### What you should do
Every line below needs to be printed again exactly, without any of its pictures.

*** Opening of Input data ***

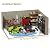 Patiowell 10x12 FT Storage Shed, Outdoor Metal Sheds with Lockable Door and Sloping Roof, Waterproof Outside Large Garden Tool Shed with Breathable Vents for Patio Lawn Backyard, Brown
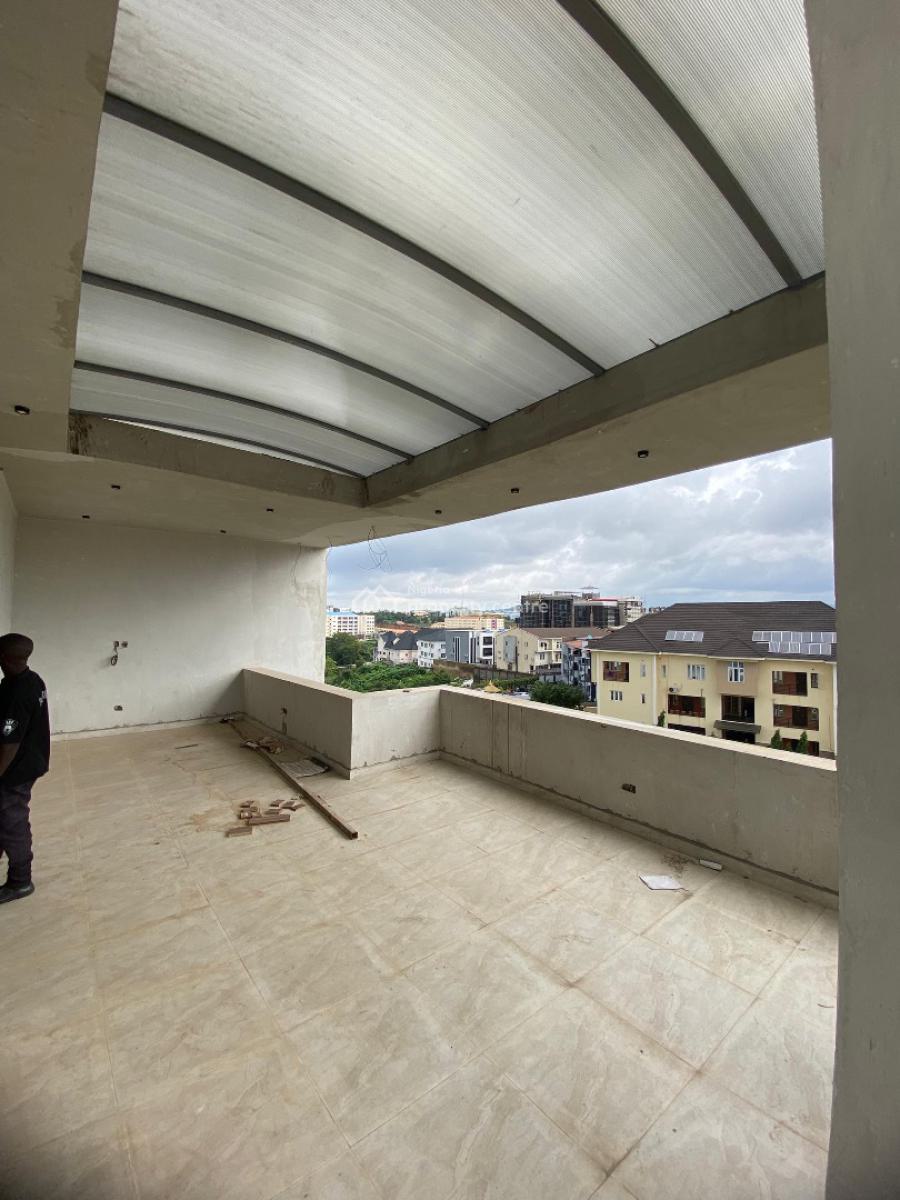 4 Units of Luxury 5-bedroom Duplexes with Bq, Wuye, Abuja, Terraced Duplex for Sale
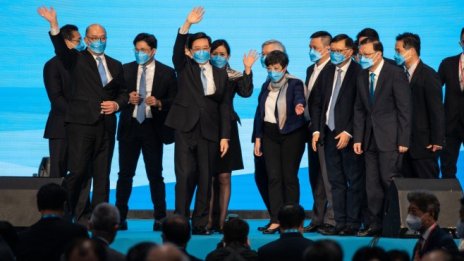 Джон Ли е новият ръководител на Хонконг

*** Close of Input data ***

### Result
 Patiowell 10x12 FT Storage Shed, Outdoor Metal Sheds with Lockable Door and Sloping Roof, Waterproof Outside Large Garden Tool Shed with Breathable Vents for Patio Lawn Backyard, Brown
 4 Units of Luxury 5-bedroom Duplexes with Bq, Wuye, Abuja, Terraced Duplex for Sale
 Джон Ли е новият ръководител на Хонконг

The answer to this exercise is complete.